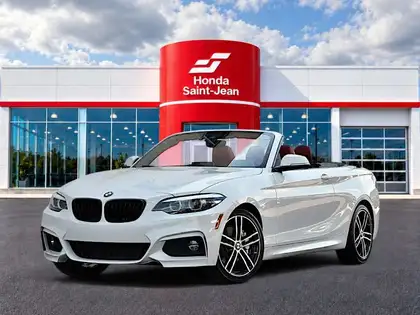 2021 BMW 2 Series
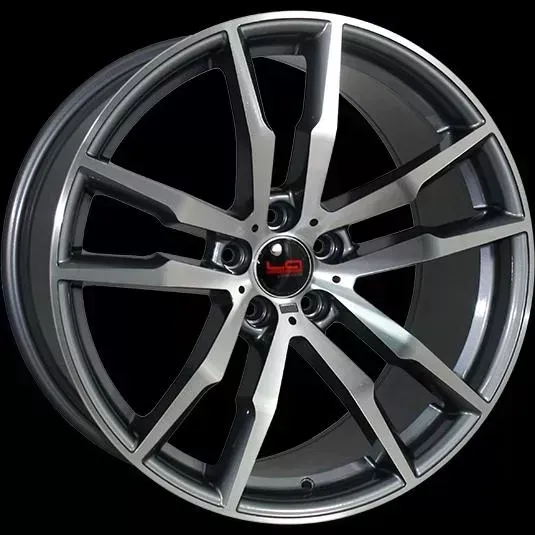 Диск автомобильный REPLICA B222 LEGEARTIS 10.5X20/5X112 ET40 D66.6 GMF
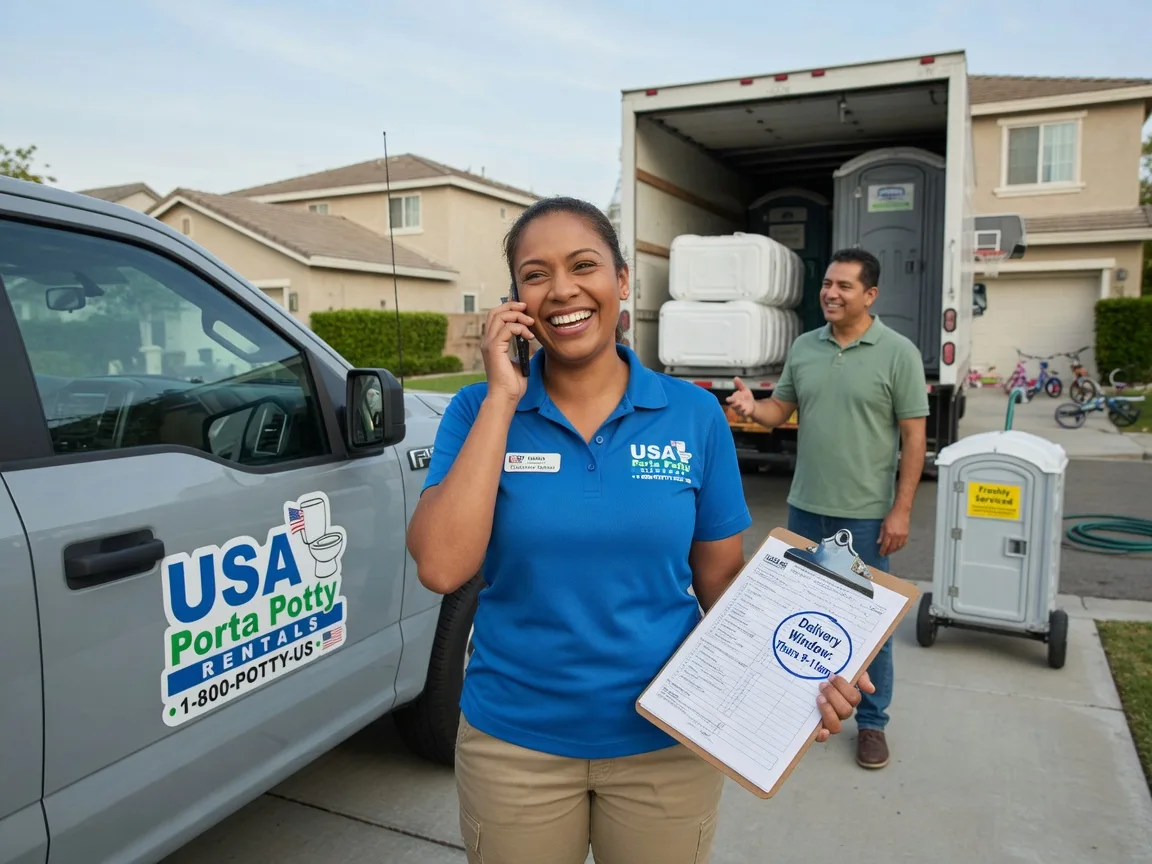 Porta Potty Rental Greenbank, WA FAQs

§ **What needs to be done**: This exercise asks for the data above to be given again exactly, without pictures.

§ **Exercise output**:
 2021 BMW 2 Series
 Диск автомобильный REPLICA B222 LEGEARTIS 10.5X20/5X112 ET40 D66.6 GMF
 Porta Potty Rental Greenbank, WA FAQs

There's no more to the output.